» WORK REQUEST:
What's needed is an exact copy of all the data below, without pictures.

» Short web captions:

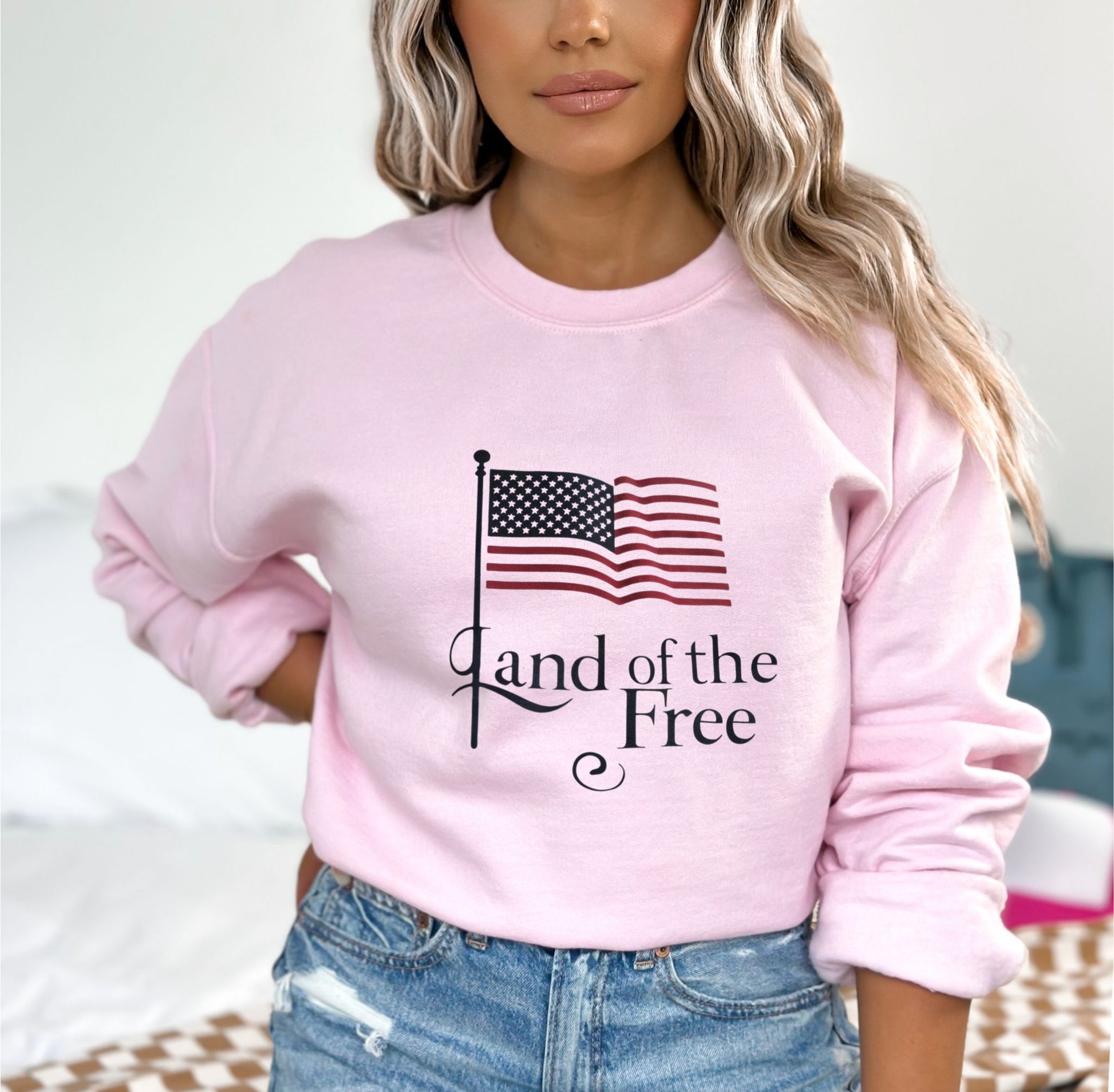 Land Of The Free Light Pink Sweatshirt 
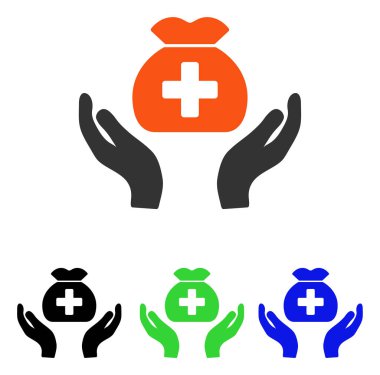 Sağlık fonu bakım el düz vektör simgesi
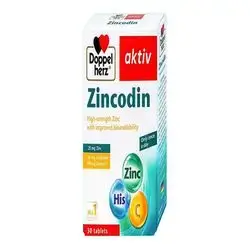 Zincodin Zinc Sulfate 69Mg 30 Tablets Doppel Herz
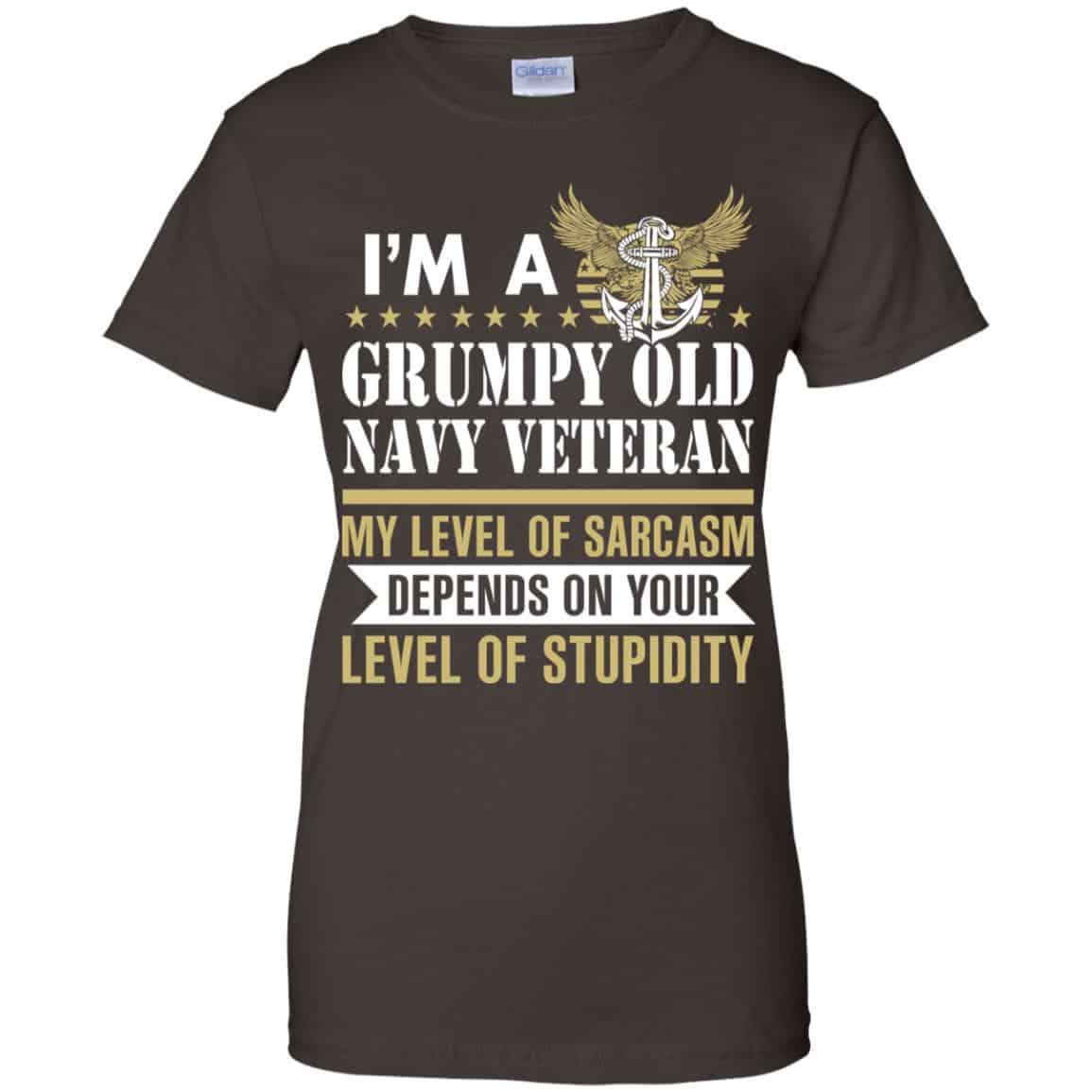 I’m A Grumpy Old Navy Veteran My Level Of Sarcasm Depends On Your Level Of Stupidity Shirt, Hoodie, Tank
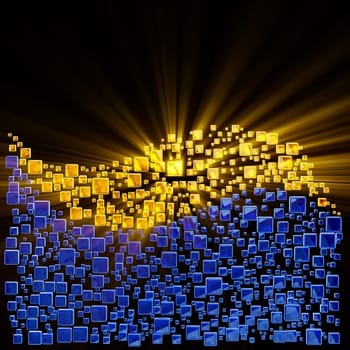 bright glowing cubes in the shape of a wave for background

» SOLVED EXERCISE:
 Land Of The Free Light Pink Sweatshirt 
 Sağlık fonu bakım el düz vektör simgesi
 Zincodin Zinc Sulfate 69Mg 30 Tablets Doppel Herz
 I’m A Grumpy Old Navy Veteran My Level Of Sarcasm Depends On Your Level Of Stupidity Shirt, Hoodie, Tank
 bright glowing cubes in the shape of a wave for background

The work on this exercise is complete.